→ **Dataset excerpt**
::::::::::

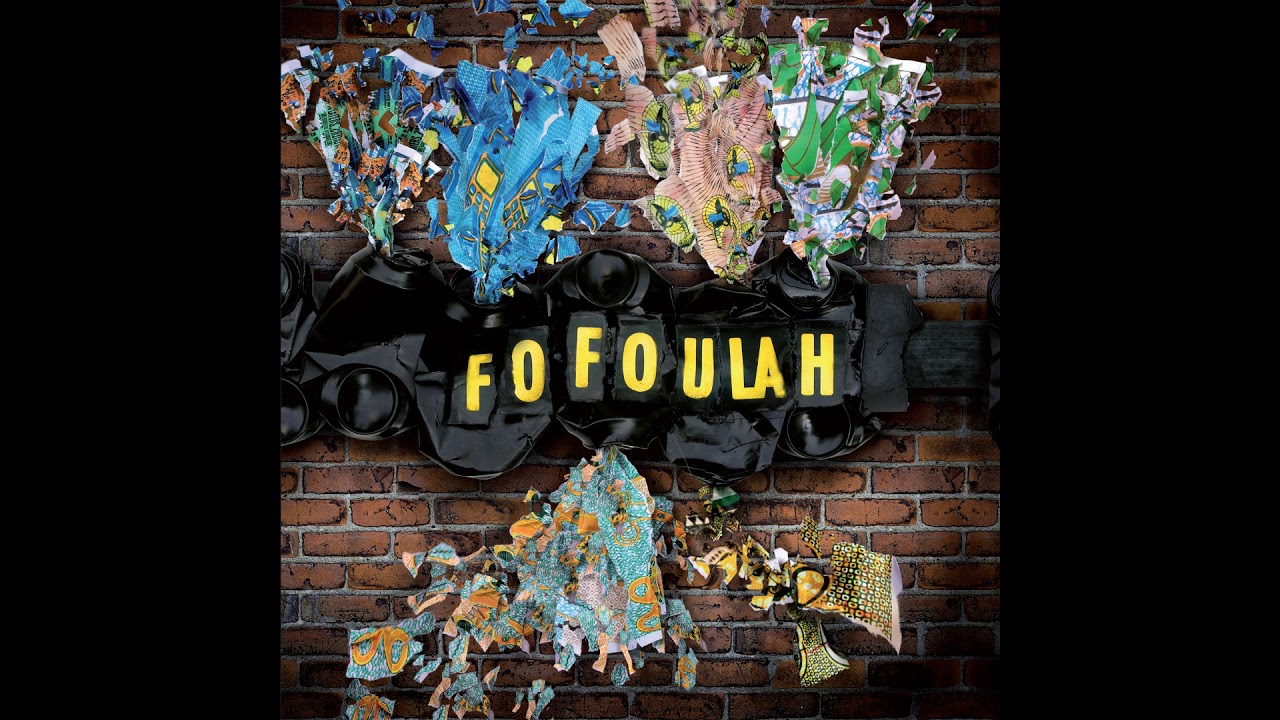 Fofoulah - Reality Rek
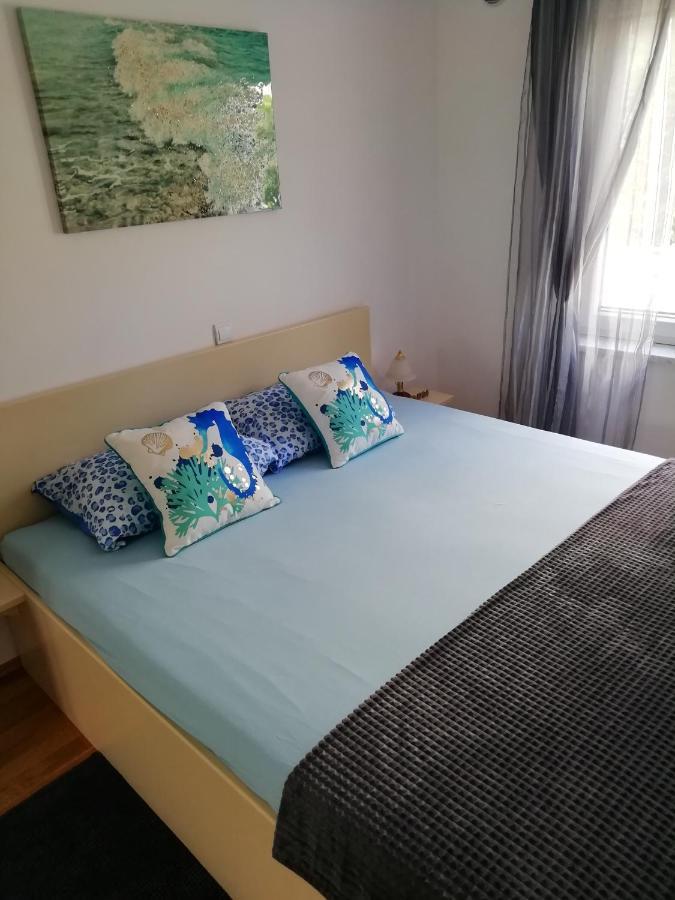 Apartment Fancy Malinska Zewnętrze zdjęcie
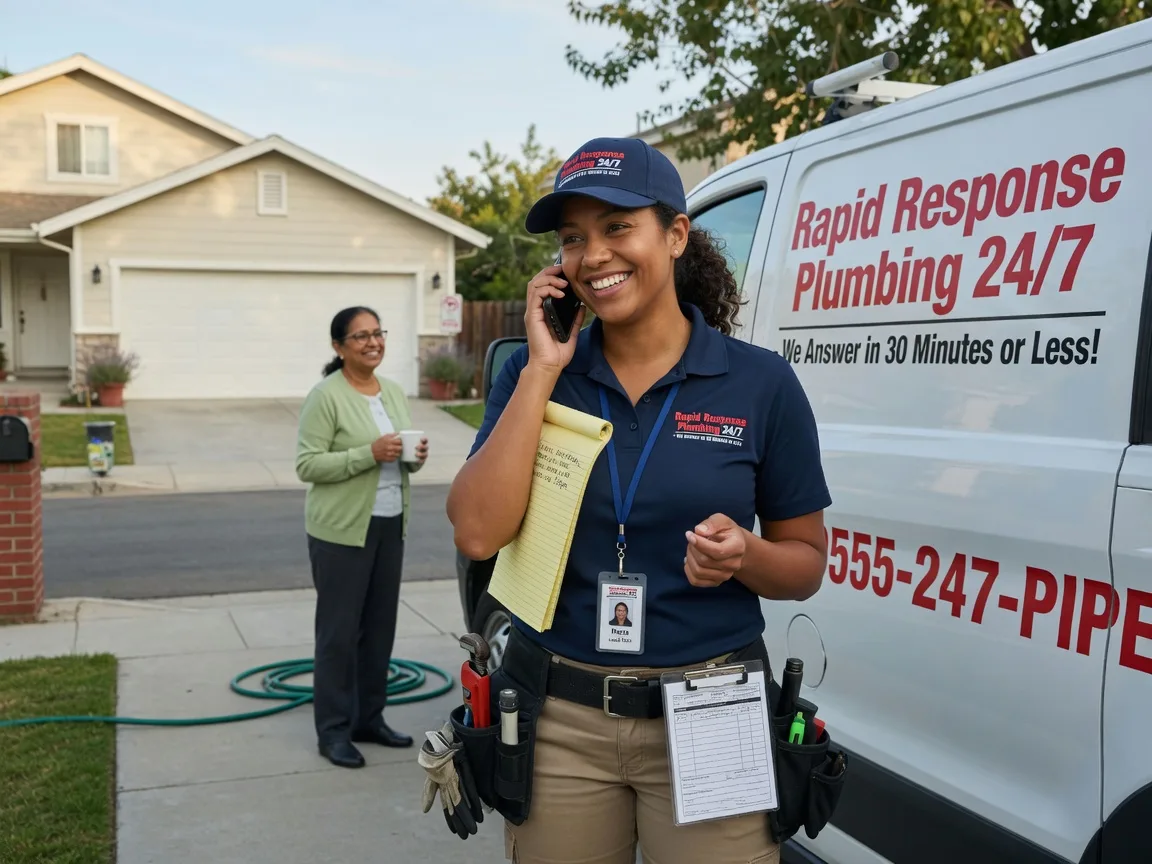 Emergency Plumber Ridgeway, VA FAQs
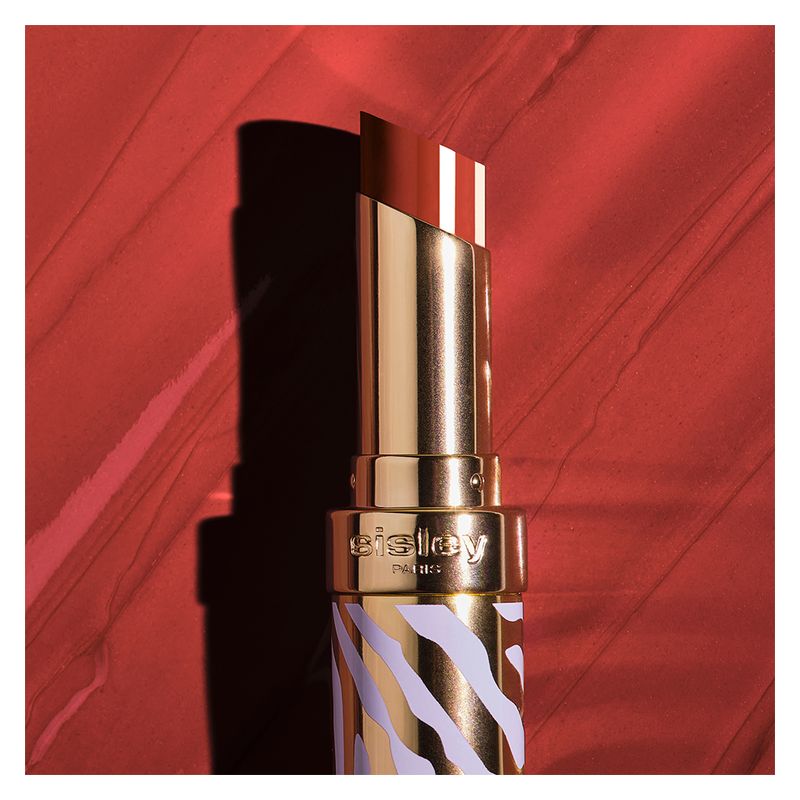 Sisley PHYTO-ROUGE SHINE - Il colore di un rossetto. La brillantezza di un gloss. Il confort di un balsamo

::::::::::

→ **Task to complete**
Leave out the images and copy all remaining data word for word.

→ **Task result**
 Fofoulah - Reality Rek
 Apartment Fancy Malinska Zewnętrze zdjęcie
 Emergency Plumber Ridgeway, VA FAQs
 Sisley PHYTO-ROUGE SHINE - Il colore di un rossetto. La brillantezza di un gloss. Il confort di un balsamo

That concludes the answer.